Wednesday, 22 October 2014


Waaaaa! Wows. This is a really cool sound. You fall through a wormhole into the centre of the Earth and come out the other side and realise you're in a different dimension where everything glints towards bioluminescence and in the air there is the aroma of biological immortality achieved through hundreds of years of research on Turritopsis dohrnii jellyfish and transdifferentiation. Everyone lives forever and nothing is sacred yet we wonder still why and how everything is as it is. Humanity bulges in our corner of the universe and religion is a fairytale and we are all individualist libertarians.

Anyway, like, that's kinda what I felt when I listened to this track. It's by a person from Austin, Texas, who makes music under the name of Blaz. The track itself is called 'Sink' and, well yeah, it's kinda like sinking. First inspired to make electronic music whilst living in France a few years ago, Blaz calls it "very shiny and digital" and that's it on a basic level. In an email to Y/N, Blaz also shared some background information about the song: "The inspiration for it was old N64 video games... and a desire to take some of the recent PC Music sound, which I love, and twist it into something a little darker and heavier."

From the start, eternal arpeggios stream into your ears like schizoid pulsar stars, glassy galactic fog breathing with it, spiralling towards the main body of the track.

Tumbling fragmented kicks ba-dum-ba-dum-dum beneath, which become a regular beat punctuated with kung-fu-punch snare-claps, occasioned with stark synth chords blasting, which break into a melody towards the end alongside rollicking snares for building up and virtuoso popping sounds in what could be one of the regular favourites at the juke-specialising Club Satellite orbiting the earth (circa 2376), a slowdown retro sample ringing out: "This is how we—" ("—do it," I guess).

Blaz Social Media Presence ☟

Tuesday, 21 October 2014


Never before has a song sounded so much like its title. Well maybe it has but anyway… This is 'Slow Snow' by mus.hiba and yes, it basically sounds like slow snow. It is a delicate and gentle song, artfully spanning the four minutes of its existence with a snowscape of sound, a soundscape of snow; it falls from the evening sky in slo-mo spirals, highlighted in streetlights that grace the already fallen layer of snow on the ground – no one is around in the frozen streets. It sure does paint a picture.

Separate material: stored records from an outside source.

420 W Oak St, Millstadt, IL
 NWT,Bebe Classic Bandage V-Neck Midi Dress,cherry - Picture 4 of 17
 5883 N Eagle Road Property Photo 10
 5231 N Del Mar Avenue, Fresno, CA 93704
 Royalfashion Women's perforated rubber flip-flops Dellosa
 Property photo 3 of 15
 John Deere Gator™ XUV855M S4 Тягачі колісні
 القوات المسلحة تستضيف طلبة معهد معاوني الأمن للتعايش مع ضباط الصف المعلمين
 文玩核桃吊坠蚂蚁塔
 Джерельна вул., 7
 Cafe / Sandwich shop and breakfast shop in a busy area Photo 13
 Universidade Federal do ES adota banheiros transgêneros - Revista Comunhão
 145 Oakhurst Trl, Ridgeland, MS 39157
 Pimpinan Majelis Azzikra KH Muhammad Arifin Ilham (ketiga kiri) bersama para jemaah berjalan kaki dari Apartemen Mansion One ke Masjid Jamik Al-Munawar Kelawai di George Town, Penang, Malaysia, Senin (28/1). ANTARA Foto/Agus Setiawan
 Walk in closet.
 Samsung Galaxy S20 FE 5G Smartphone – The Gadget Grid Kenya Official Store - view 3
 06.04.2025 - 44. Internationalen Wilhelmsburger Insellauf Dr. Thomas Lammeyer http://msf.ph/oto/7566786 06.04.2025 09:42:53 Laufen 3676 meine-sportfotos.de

The track is all set to a slow and carefully considered beat that summons the laid-back style of southern hip hop and trap, giving substance to the hugely expansive synths that satisfyingly dip in volume with each heartbeat kick. Dancing with these synth chords are piano melodies and clusters of gravity-defying glockenspiel, chiming evermore towards the end of the track.

On vocals it features not an actual person but one of the voices or even personalities taken from voicebank freeware UTAU, called Yufu Sekka, the gentle sounds of whom whisper like breezes in the synthetic snow-swirls of mus.hiba's production. Using this hyperreal technique, mus.hiba has created an entire album of music centred around themes of snow and winter, "to express the fragility of a two-dimensional character singing." I very much like this idea. Top marks.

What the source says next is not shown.